So parallelism is the way to go. The more parallel, the better. AMD and nVidia are having a rocket performance race. The world is changing. But before we praise the new hardware god, there is a big problem -- softwares are still having a hard time shifting to parallel. Algorithms, optimizations we are now using are mostly crafted and customized for single threaded environment. To utilize this new parallel computing environment, people need to either: 1. develop new algorithms for new machines, or 2. port the old algorithms over.

Okay, enough chic chat about the revolution of parallelism. Today let's take a look at one of the interesting paper that deals with the second case. Oh, btw, it is one of the 2 winners of best paper award of CGO 2013:

Bin Ren, Gagan Agrawal, Jim Larus, Todd Mytkowicz, Tomi Poutanen (Microsoft), and Wolfram Schulte for “SIMD Parallelization of Applications that Traverse Irregular Data Structures”

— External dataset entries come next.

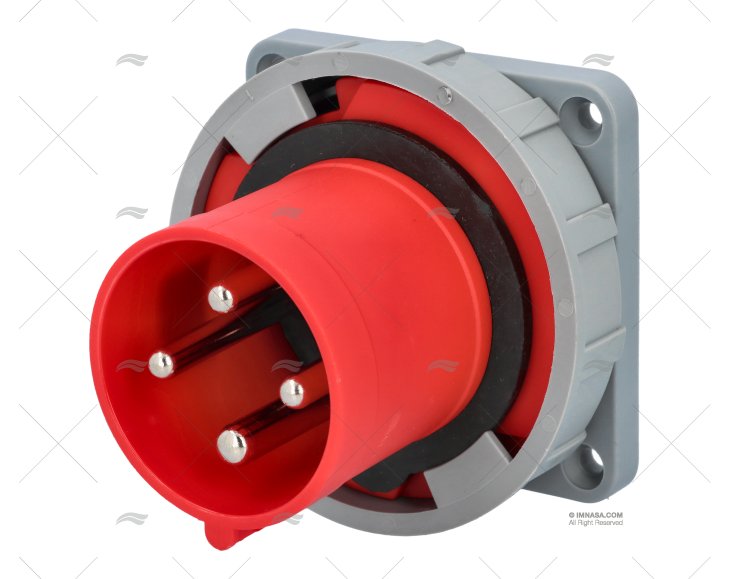 BASE ELEC POPA 63A 3+T DIA.72 ROJA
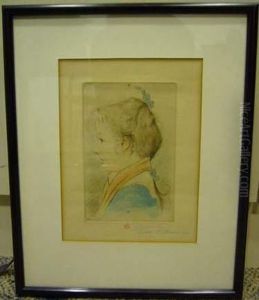 Femme En Buste De Profil by Eugene Delatre
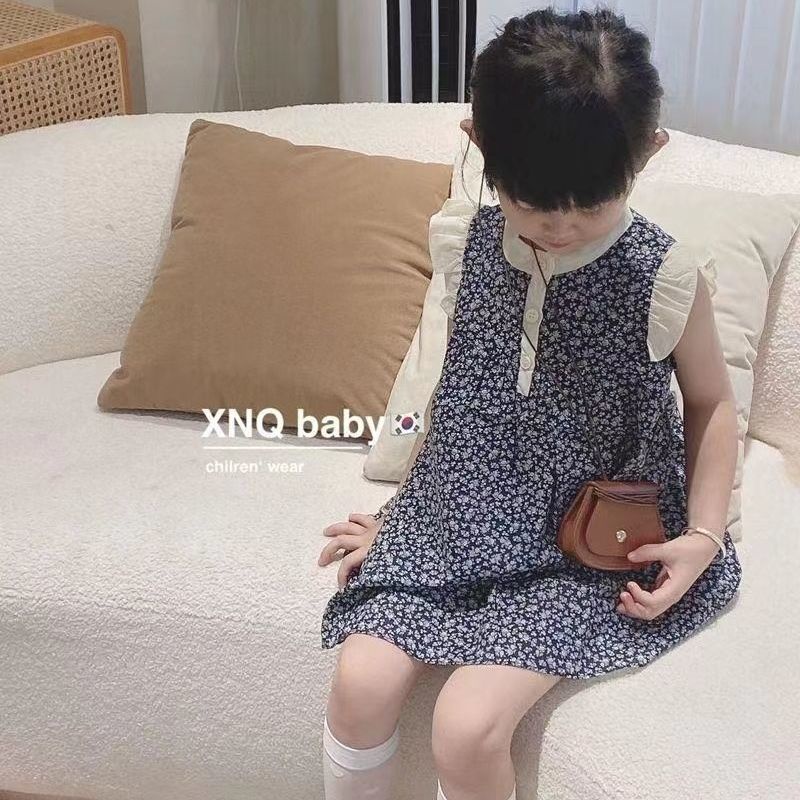 Bộ Đầm Công Chúa Mùa Hè Sát Nách Bằng Cotton Trơn Thoải Mái In Họa Tiết Hoa Thời Trang Phong Cách Hàn Quốc Cho Bé Gái 5 Tuổi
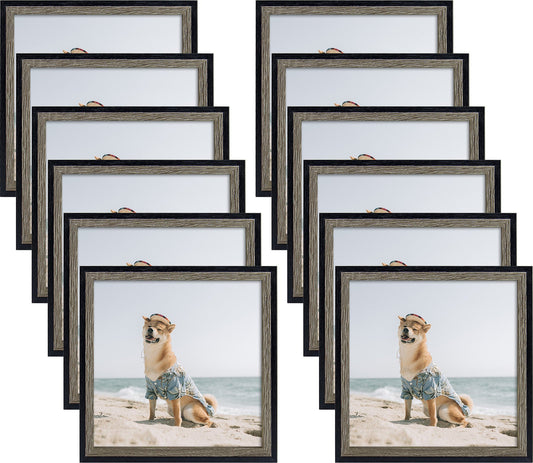 MDF Picture Frame with Real Glass(12 Pack) 8x8 Black & Grey Picture Frame Golden State Art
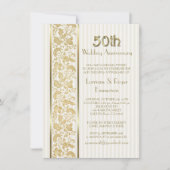 Invitation Élégance florale dorée 50e anniversaire de mariage (Devant)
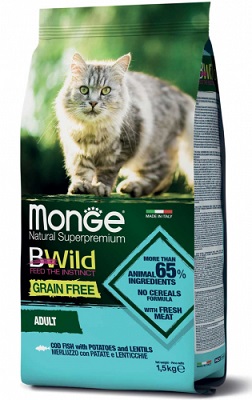 BWILD GF CAT MER/LEN/PAT KG 1,5 MONGE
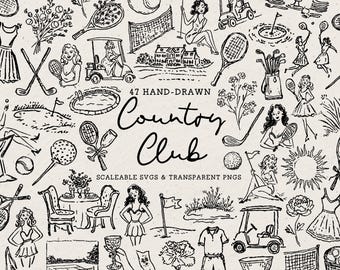 Hand Drawn Country Club Clipart, Golf Tennis Icons, Preppy Vintage Invite Illustrations (SVG PNG)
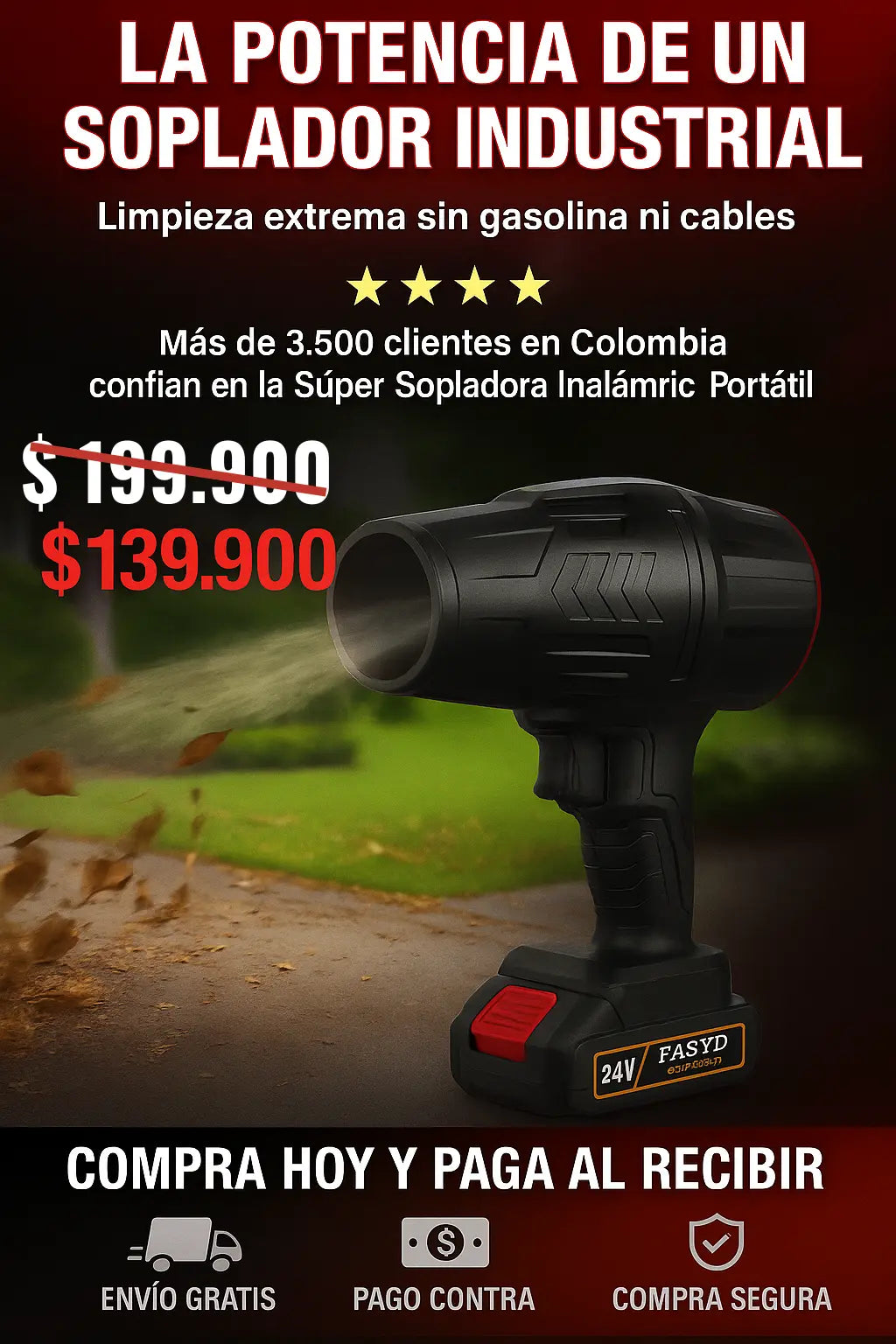 Super Sopladora Inalámbrica Portátil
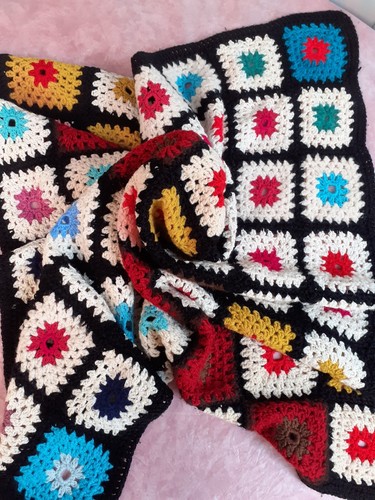 Carré patchwork laine fait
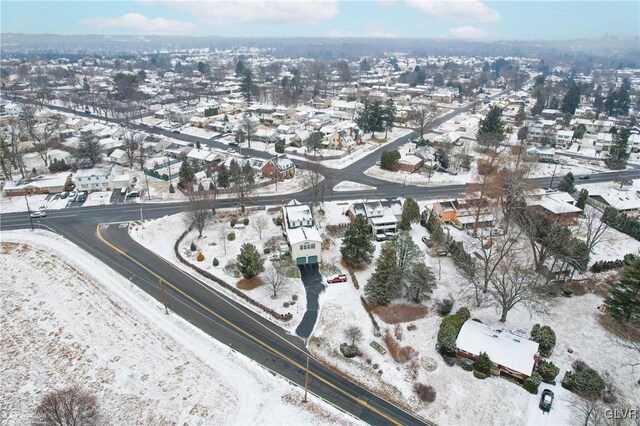 view of snowy aerial view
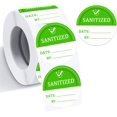thumbnail image 1 of shiyou-Sanitized Label 2 Inch Sanitized by Stickers Green Cleanliness Blank Date and by Stickers for Hospital,Car Rentals, House Rentals, Resturants(Pack-500), 1 of 4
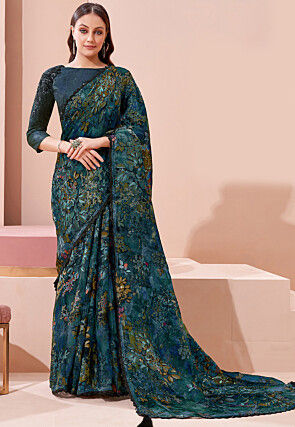Digital Printed Georgette Brasso Saree in Teal Blue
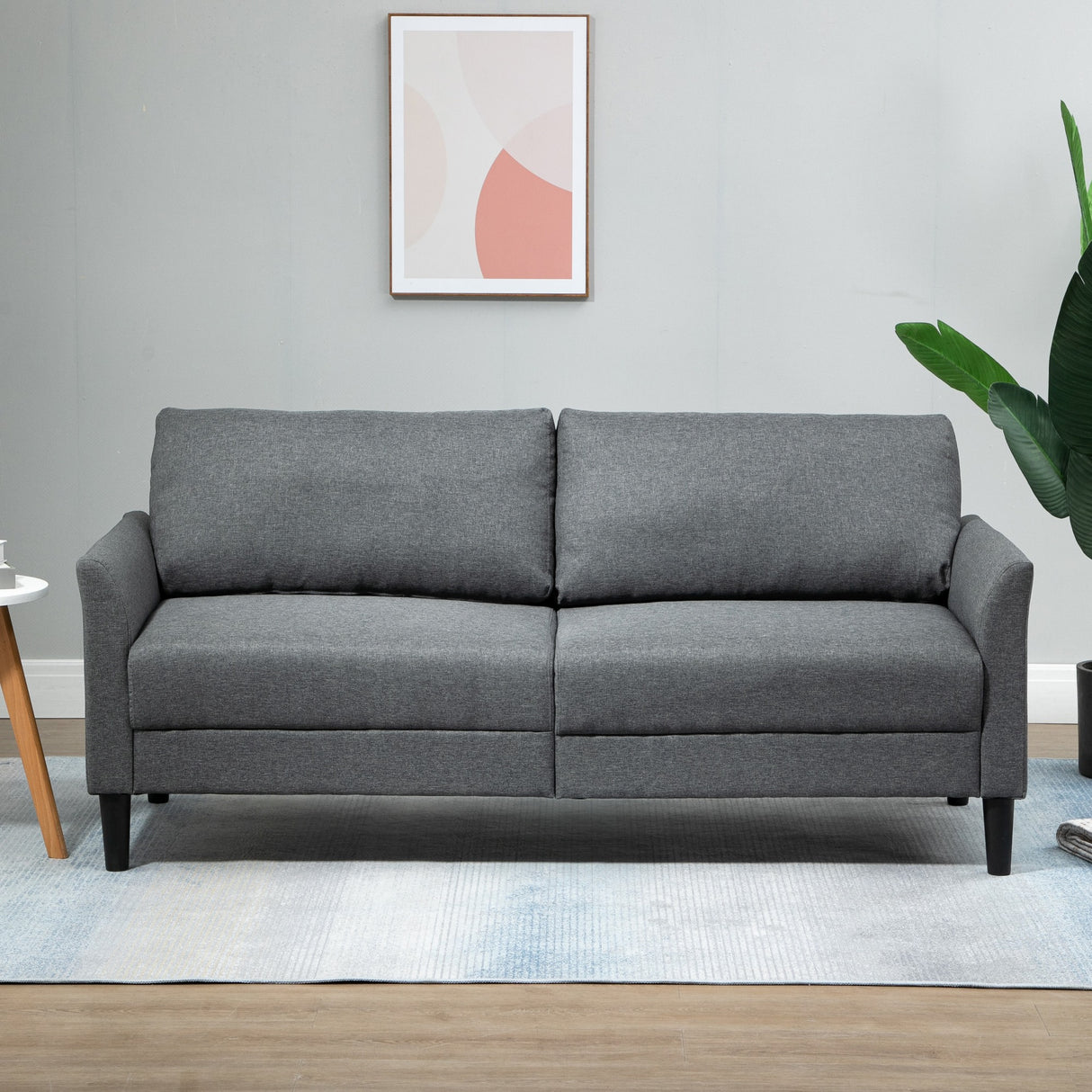 easycomfort easycomfort divano 3 posti economico per casa e ufficio con 4 gambe in metallo divano con braccioli imbottiti tessuto effetto lino grigio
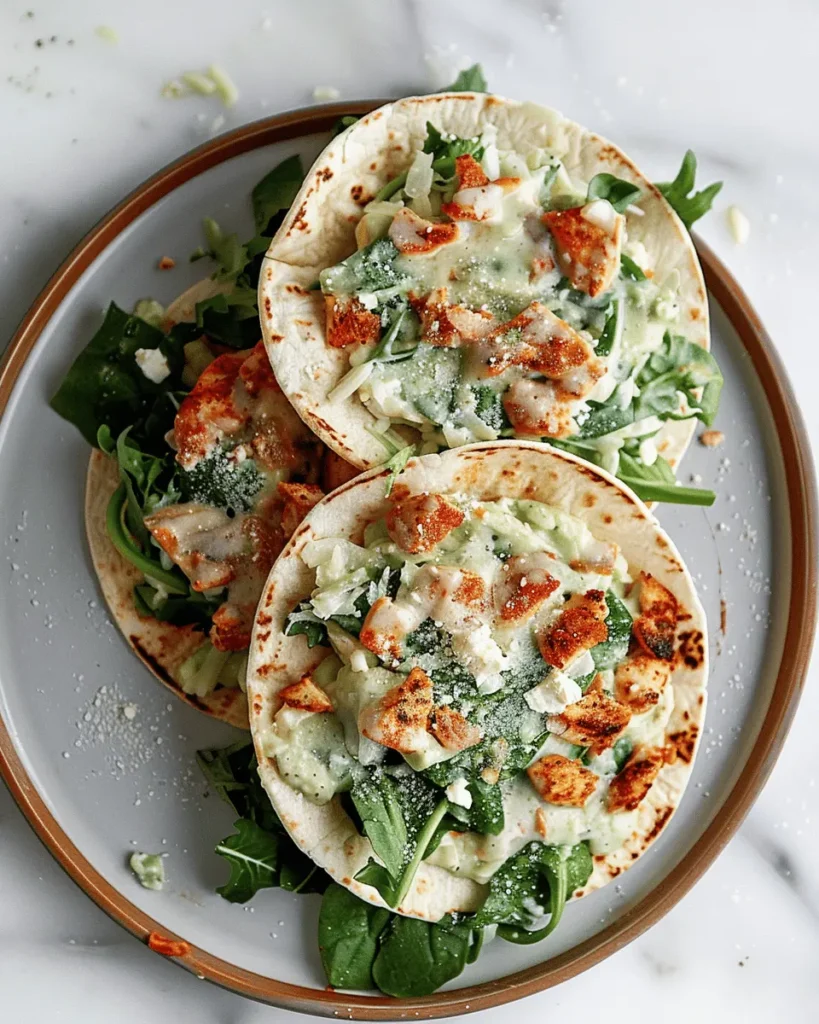 Smash Chicken Caesar Tacos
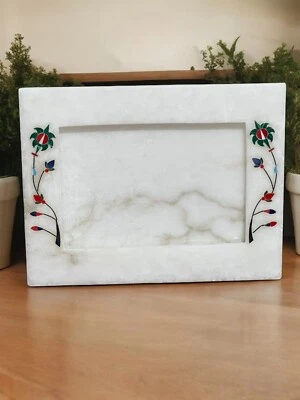 Marco de fotos de mármol blanco con incrustación de piedra semipreciosa Pietra Dura India 8x6 Foto 1 de 4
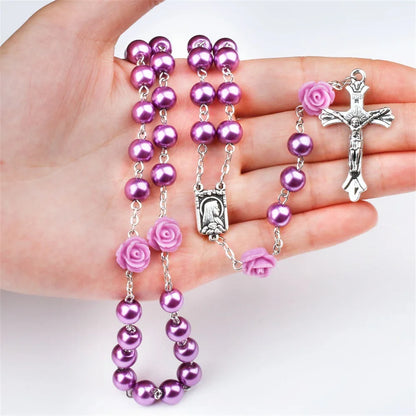 Rosary Necklace with Rose Glass Beads and Crucifix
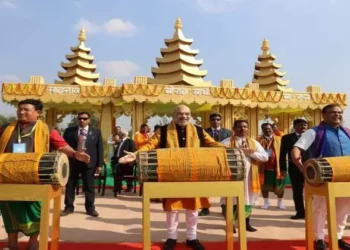 Union Home Minister Amit Shah (Centre) along with Assam CMHimanta Biswa Sarma (Extreme Right) take part in celebrations post Bathou Puja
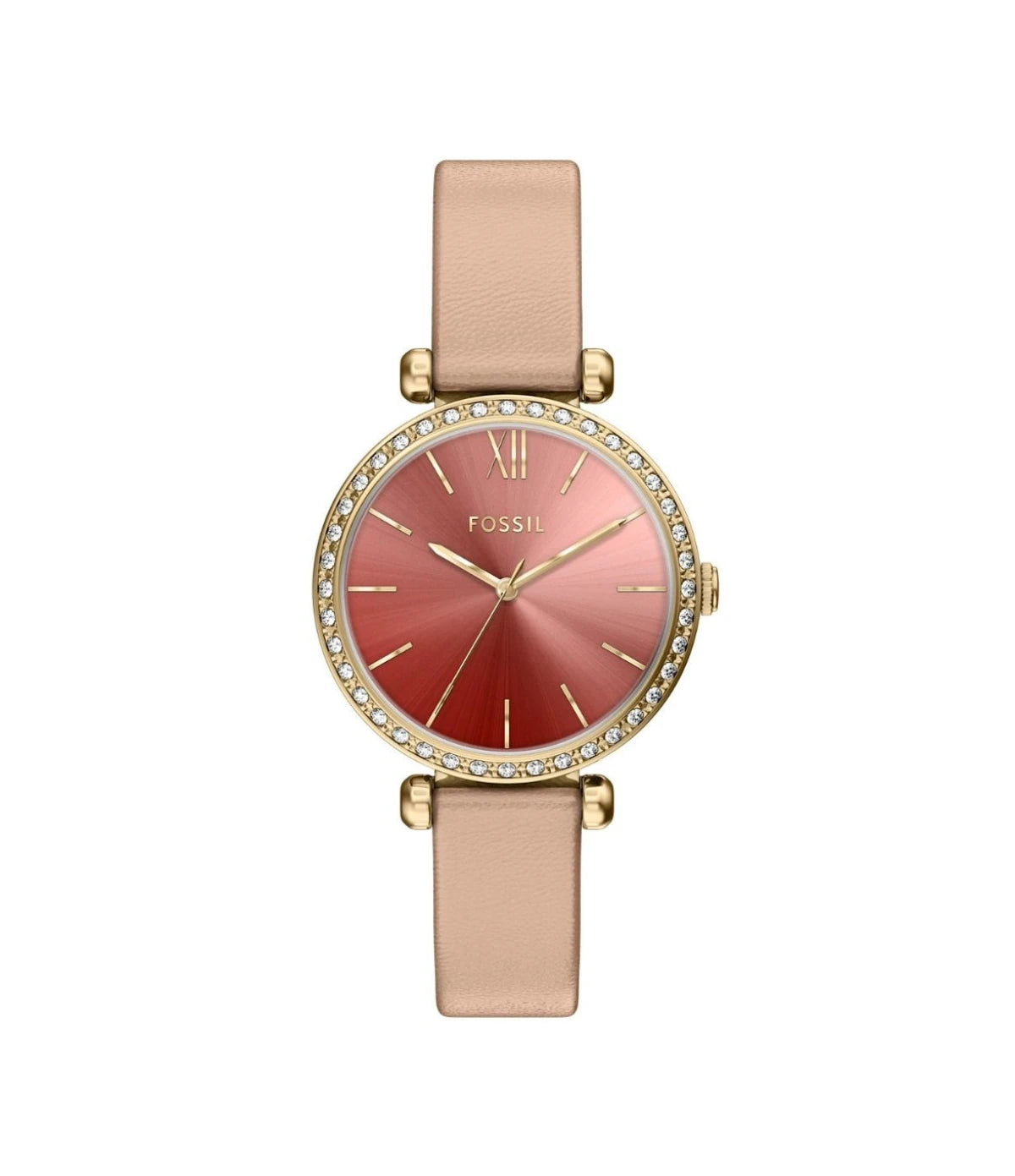 BQW8039 Fossil Tillie Nude Leather Watch with Peach Dial 36mm front view showing the sunray peach dial with crystal-set bezel at Time Vault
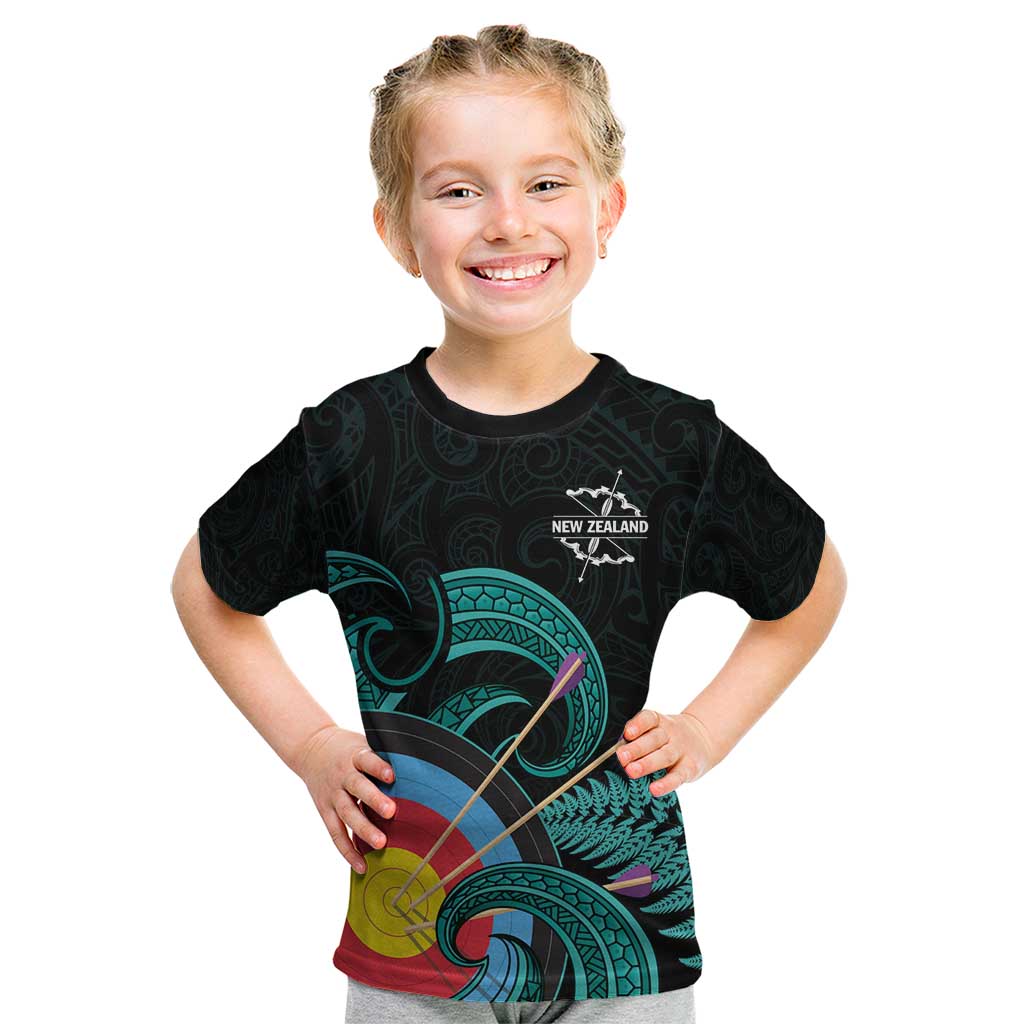 Personalised New Zealand Archery Kid T Shirt Turquoise Maori Silver Fern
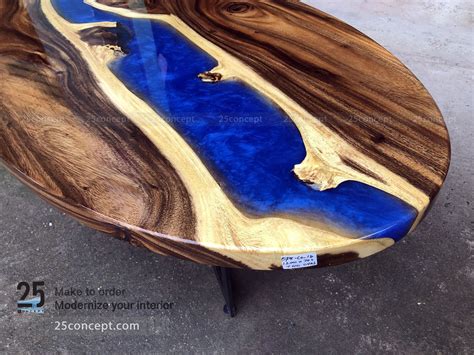 Oval Coffee Table Blue Epoxy Resin Table Epoxy River Table - Etsy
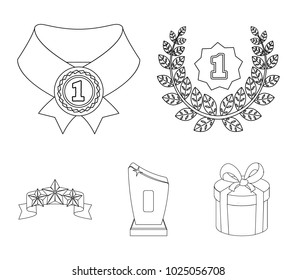 Winner for the first place in the competition, a crystal prize, a ribbon with the stars, a medal on the red ribbon. Awards and trophies set collection icons in outline style vector symbol stock
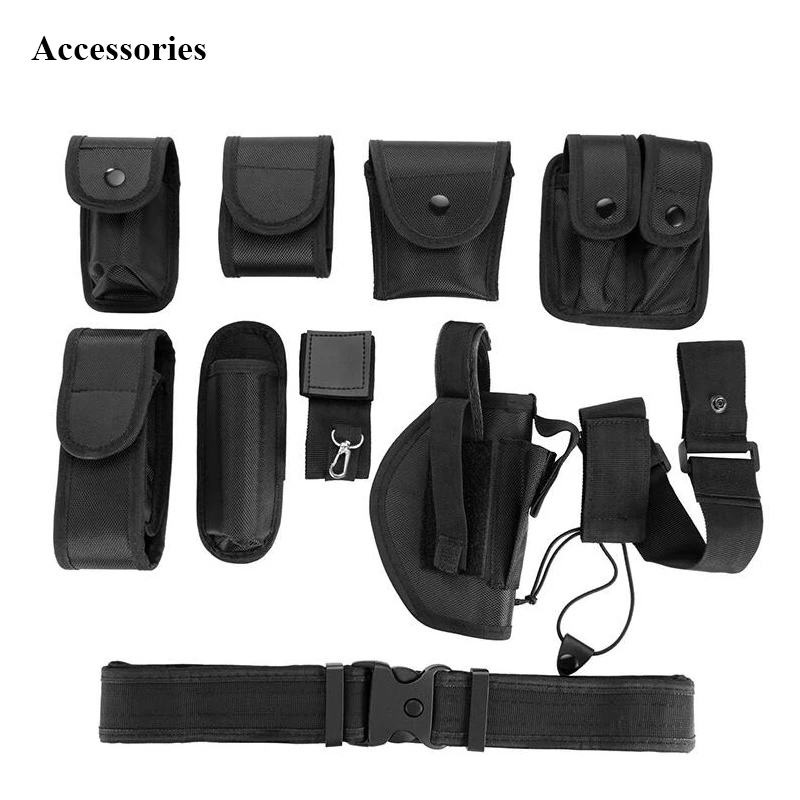 Tactical Security Duty Belts 10pcs/set Polices Guard Gun Holster Flashlight Pouch Utility Kit Belt Military Hunting Combat Belt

www.cse.ohio-state.edu/~ren/papers/CGO13_BinRen.pdf



To those who are not familiar with it: vector instructions are like issuing a bunch of a same scalar instruction in parallel (a vector). Suppose we want to add array A to array B, and store the results into array C, usually we write:

for (int i = 0; i < n; ++i)

    c[i] = a[i] + b[i];

without optimization, each element addition will roughly be translated into:

__asm {

    MOV EAX, [header_A + i * 4];

    ADD EAX, [header_B + i * 4];

    MOV [header_C + i *4], EAX;

}



A vectorizing compiler will first unroll it into:

for (int i = 0; i < n; i+=4)

{

    c[i+0] = a[i+0] + b[i+0];

    c[i+1] = a[i+1] + b[i+1];

    c[i+2] = a[i+2] + b[i+2];

    c[i+3] = a[i+3] + b[i+3];

}

this will eliminate 3/4 of the branches in the loop. And then transform it into (or usually idiom recognition will do it in one step):

for (int i = 0; i < n/4; ++i)

__asm{


    MOVUPS XMM0, [header_A + i * 16]; //load 128 bit

    MOVUPS XMM1, [header_B + i * 16]; //load 128 bit

    ADDPS XMM0, XMM1; //add 4 elements

    MOVUPS [header_C + i * 16], XMM0; //store 128 bit

}



Those instructions are already been exploited extensively in low-level such as compiler's loop vectorization (gcc supports a whole bunch of them. see: reference * ), video compression, graphic rendering, signal processing etc. Unlike conventional scalar instructions, vector instructions only work with dedicated vector registers (XMM0, XMM1 in the above example), and it requires the vector operands to be contiguous (MOVUPS loads 128 bit of data at a time). In order to exploit SIMD instructions, programmers have to make the data layout of an application to be contiguous.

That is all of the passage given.